* **WORK INSTRUCTIONS**
Give again, word for word, every line below from the one that has "Retro black canvas" through the one that has "Private balcony with", both included, and no others.

* **SOURCE MATERIAL**
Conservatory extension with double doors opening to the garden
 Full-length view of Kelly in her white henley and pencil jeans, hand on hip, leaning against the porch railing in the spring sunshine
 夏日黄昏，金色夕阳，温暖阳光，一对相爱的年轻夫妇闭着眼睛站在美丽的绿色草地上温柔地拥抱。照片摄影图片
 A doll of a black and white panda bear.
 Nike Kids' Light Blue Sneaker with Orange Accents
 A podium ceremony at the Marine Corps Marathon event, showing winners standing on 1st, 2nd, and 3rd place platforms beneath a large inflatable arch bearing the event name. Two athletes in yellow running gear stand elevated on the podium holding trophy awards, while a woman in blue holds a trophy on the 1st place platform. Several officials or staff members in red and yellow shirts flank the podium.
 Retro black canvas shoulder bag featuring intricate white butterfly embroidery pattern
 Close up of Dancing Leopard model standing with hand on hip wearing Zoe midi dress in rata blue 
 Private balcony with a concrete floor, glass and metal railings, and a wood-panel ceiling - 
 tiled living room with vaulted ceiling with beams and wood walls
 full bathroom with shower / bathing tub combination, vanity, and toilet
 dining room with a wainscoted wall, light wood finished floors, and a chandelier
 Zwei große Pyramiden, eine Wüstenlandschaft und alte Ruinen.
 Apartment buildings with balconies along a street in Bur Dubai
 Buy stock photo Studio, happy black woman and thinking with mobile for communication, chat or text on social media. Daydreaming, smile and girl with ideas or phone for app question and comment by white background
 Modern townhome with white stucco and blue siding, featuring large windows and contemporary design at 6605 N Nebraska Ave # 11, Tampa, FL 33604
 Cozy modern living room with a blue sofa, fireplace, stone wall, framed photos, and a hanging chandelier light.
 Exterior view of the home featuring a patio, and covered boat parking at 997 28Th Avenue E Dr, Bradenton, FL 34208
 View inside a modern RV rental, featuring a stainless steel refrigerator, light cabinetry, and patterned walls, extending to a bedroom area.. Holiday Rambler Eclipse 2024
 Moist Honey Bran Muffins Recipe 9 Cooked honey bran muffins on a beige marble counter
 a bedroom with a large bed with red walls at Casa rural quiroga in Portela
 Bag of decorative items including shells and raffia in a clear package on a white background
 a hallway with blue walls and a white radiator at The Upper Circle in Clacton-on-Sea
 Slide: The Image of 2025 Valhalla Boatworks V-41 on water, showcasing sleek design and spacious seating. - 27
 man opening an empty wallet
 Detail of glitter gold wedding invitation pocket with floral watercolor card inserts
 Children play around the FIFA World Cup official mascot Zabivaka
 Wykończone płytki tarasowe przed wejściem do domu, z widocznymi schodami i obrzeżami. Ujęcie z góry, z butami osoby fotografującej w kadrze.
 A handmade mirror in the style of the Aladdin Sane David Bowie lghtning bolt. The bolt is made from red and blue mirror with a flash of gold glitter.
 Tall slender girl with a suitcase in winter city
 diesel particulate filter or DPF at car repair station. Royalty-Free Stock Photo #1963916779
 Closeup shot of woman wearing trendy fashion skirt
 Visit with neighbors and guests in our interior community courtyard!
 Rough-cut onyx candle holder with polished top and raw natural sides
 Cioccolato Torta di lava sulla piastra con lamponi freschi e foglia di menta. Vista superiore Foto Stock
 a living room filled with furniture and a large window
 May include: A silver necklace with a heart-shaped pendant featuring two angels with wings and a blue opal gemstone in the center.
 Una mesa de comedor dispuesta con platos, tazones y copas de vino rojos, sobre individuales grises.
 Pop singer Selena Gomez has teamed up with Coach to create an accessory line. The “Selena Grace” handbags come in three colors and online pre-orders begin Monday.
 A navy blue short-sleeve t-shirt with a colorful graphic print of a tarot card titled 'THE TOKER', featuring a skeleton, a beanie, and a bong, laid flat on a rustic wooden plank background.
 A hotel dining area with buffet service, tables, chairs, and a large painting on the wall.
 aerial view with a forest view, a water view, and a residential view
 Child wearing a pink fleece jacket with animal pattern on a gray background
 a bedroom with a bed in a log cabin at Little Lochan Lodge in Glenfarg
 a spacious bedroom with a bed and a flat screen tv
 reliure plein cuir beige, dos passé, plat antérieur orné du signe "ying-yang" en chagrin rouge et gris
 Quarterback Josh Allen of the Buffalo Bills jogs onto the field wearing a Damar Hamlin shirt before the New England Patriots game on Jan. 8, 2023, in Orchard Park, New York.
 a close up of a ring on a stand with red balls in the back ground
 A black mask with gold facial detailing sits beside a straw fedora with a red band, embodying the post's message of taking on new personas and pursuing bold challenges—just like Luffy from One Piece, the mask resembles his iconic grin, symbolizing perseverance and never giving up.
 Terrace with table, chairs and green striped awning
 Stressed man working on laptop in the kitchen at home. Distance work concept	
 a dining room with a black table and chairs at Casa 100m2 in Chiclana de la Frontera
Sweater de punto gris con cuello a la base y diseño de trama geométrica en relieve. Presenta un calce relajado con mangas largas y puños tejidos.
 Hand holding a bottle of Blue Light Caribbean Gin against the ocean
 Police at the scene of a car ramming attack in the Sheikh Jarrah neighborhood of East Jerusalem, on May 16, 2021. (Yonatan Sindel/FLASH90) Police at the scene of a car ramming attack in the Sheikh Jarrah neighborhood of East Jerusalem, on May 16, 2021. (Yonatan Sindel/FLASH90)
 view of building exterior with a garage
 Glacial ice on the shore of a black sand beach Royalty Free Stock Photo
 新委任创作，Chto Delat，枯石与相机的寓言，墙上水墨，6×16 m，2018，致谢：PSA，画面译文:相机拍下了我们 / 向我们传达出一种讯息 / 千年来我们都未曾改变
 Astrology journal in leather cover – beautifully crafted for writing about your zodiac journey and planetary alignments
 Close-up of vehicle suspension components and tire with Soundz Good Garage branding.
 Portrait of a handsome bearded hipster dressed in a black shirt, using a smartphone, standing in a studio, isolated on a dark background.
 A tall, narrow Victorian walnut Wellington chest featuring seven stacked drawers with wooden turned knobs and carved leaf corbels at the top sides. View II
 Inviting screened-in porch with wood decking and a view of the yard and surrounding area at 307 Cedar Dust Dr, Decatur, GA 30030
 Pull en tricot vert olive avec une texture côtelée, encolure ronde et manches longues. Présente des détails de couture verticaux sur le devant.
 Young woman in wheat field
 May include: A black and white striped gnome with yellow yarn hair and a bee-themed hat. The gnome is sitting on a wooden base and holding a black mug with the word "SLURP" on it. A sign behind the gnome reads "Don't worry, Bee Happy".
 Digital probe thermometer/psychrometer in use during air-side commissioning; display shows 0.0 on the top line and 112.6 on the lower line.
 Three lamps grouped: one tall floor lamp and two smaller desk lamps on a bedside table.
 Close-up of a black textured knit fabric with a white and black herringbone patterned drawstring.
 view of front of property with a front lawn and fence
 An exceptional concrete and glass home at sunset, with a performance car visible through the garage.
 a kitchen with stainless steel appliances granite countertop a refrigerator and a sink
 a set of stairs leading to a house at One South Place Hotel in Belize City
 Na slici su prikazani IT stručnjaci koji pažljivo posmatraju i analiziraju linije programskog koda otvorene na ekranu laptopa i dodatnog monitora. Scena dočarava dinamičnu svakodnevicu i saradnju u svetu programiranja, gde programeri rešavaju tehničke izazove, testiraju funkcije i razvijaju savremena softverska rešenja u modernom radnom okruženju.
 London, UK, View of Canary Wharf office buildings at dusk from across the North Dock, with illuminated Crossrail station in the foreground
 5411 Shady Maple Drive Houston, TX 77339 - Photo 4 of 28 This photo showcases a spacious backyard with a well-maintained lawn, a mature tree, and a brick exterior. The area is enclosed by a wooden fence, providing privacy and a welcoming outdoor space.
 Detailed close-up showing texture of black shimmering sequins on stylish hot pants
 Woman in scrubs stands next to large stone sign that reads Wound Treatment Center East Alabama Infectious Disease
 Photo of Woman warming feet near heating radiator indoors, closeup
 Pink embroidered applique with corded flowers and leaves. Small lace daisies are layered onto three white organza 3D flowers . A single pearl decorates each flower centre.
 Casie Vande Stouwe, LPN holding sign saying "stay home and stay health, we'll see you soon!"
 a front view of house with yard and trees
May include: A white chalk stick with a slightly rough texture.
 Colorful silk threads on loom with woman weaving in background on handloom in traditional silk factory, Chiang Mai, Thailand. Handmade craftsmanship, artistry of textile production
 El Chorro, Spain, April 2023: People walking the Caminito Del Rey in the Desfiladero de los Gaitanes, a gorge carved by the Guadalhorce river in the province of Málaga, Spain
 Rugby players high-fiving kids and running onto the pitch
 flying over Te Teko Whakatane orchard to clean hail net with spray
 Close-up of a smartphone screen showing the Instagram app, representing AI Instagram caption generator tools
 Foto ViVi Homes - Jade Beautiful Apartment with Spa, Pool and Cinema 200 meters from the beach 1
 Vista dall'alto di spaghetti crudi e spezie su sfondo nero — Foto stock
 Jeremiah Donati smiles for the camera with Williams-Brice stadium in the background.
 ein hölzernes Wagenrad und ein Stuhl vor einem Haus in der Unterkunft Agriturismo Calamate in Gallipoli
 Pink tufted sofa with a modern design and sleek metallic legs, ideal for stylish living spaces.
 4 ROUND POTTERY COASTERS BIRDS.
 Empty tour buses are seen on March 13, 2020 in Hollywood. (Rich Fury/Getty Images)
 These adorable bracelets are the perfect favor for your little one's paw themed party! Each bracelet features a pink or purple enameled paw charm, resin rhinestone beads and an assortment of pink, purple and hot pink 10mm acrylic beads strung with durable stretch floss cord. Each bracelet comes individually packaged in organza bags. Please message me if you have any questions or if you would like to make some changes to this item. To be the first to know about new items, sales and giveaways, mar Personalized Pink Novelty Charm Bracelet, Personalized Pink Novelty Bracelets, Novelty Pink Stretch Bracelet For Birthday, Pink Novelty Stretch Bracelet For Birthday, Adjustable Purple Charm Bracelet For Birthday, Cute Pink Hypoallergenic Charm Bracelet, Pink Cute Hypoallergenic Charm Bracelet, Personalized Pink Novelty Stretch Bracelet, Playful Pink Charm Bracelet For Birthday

* **ANSWER**
 Retro black canvas shoulder bag featuring intricate white butterfly embroidery pattern
 Close up of Dancing Leopard model standing with hand on hip wearing Zoe midi dress in rata blue 
 Private balcony with a concrete floor, glass and metal railings, and a wood-panel ceiling - 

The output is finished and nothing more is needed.